As many as 98,000 americans die unnecessarily every year from medical mistakes made by physicians, pharmacists and other health care professionals, according to an independent report by the National Academy of Science released in November, 1999. Being admitted to a hospital puts you at more risk than car accidents or AIDS. Only cancer and heart disease are more likely to kill you. The dangers in the report made by the Academy's Institute of Medicine fall into two categories: physician error and mistakes in medications. It does not include infections picked up at the hospital or mistakes by medical personnel outside the hospital.
Astonishingly, hospitals are not even required to report their errors that result in death. The Institute strongly recommended federally mandated reporting. "These stunningly high rates of medical errors, resulting in deaths, permanent disability and unnecessary suffering, are simply unacceptable in a medical system that promises first to 'do no harm,'" said William C. Richardson, president of the W.K. Kellogg Foundation and chairman of the expert committee that compiled the frank, 223-page report, titled "To Err is Human."

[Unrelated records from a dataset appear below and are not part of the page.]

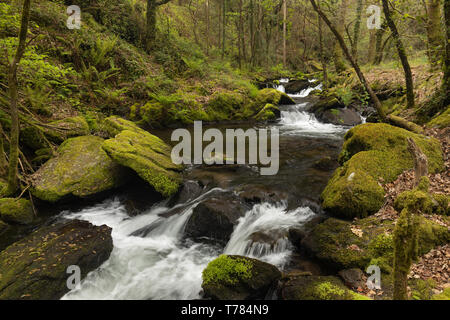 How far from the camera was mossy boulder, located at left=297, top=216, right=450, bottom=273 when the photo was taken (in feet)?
12.6

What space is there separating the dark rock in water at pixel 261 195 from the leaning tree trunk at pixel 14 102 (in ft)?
17.1

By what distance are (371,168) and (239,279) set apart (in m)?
3.87

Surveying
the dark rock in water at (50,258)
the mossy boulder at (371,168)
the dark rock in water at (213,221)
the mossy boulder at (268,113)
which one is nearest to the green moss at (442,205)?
the mossy boulder at (371,168)

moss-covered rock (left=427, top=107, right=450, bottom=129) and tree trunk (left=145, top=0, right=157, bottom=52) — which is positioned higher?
tree trunk (left=145, top=0, right=157, bottom=52)

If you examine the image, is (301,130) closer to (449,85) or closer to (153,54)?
(449,85)

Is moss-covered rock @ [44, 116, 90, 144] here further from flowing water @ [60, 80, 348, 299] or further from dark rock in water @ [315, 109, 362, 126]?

On January 23, federal health officials said they were unwilling to endorse a law requiring hospitals to report all mistakes that cause serious injury or death to patients. Their reasons appear to be aimed at protecting the industry by avoiding the disclosure of information that could result in large lawsuits. Dr. Donald M. Berwick, a member of the National Academy of Sciences panel, countered, "Suppose an airline could crash a plane and not tell anybody about it. That would be wrong. Likewise, if people are seriously injured because of errors in medical care, don't they or their families have a right to know?" It would require one airplane accident per day killing 268 people each time to reach the yearly total killed by medical error.
"To err is human, but errors can be prevented," the report concludes. "Any error that causes harm to a patient is one error too many," said Dr. Nancy Dickey, past president of the American Medical Association, which has already started a National Patient Safety Foundation designed to address some of the issues.
About 33.6 million people are admitted to hospitals each year in the U.S. According to the report, somewhere between 2.9 percent and 3.7 percent of these suffer an "adverse event" while in the hospital. An "adverse event" is defined as an injury caused by medical management rather than by the disease or condition of the patient. Somewhere between 8.8 percent and 13.6 percent of all "adverse events," are fatal. Between 53 percent and 58 percent are attributable to mistakes. Based on these figures, an average of one out of every 500 people admitted to a hospital in the US is killed by mistake. By comparison, the chances of being killed in a commercial airline accident is one per 8 million flights.
The report also acknowledges that the actual situation may be much worse. The 1-in-500 figure is based on information disclosed in patient records, but many medical mistakes are never acknowledged in patient records. "Most errors and safety issues go undetected and unreported, both externally and within health care organizations. Silence surrounds this issue," the report says. One study cited by the report of 815 patients in a university hospital found that 36 percent had an iatrogenic illness--literally, "physician produced," defined as "any illness that resulted from a diagnostic procedure, from any form of therapy, or from a harmful occurrence that was not a natural consequence of the patient's disease." Among the 815 patients, nine percent suffered an iatrogenic illness that threatened life or produced considerable disability. For another two percent--one in fifty patients--iatrogenic illness was believed to contribute to their death.
Another class of medical mistakes is medication errors--giving a patient the wrong medication, the wrong dose or inappropriate combinations of medications. A 1998 report in the Journal of the American Medical Association estimated an astounding 106,000 deaths were caused in 1994 by adverse drug reactions alone, both inside and outside of hospitals.
Deaths are occurring because doctors have not read patient records, pharmacists have misread the handwriting on prescriptions or nurses have not washed their hands after touching infectious patients. The Institute's report sets a goal of reducing deaths from medical mistakes in hospitals to 1-in-1,000 within 5 years--hardly reassuring to a patient, but a start. The report's recommended way to achieve the goal is to make medical errors expensive: "The combined goal of the recommendations is for the external environment to create sufficient pressure to make errors costly to health care organizations and providers, so they are compelled to take action to improve safety," In layman's terms: "sue them."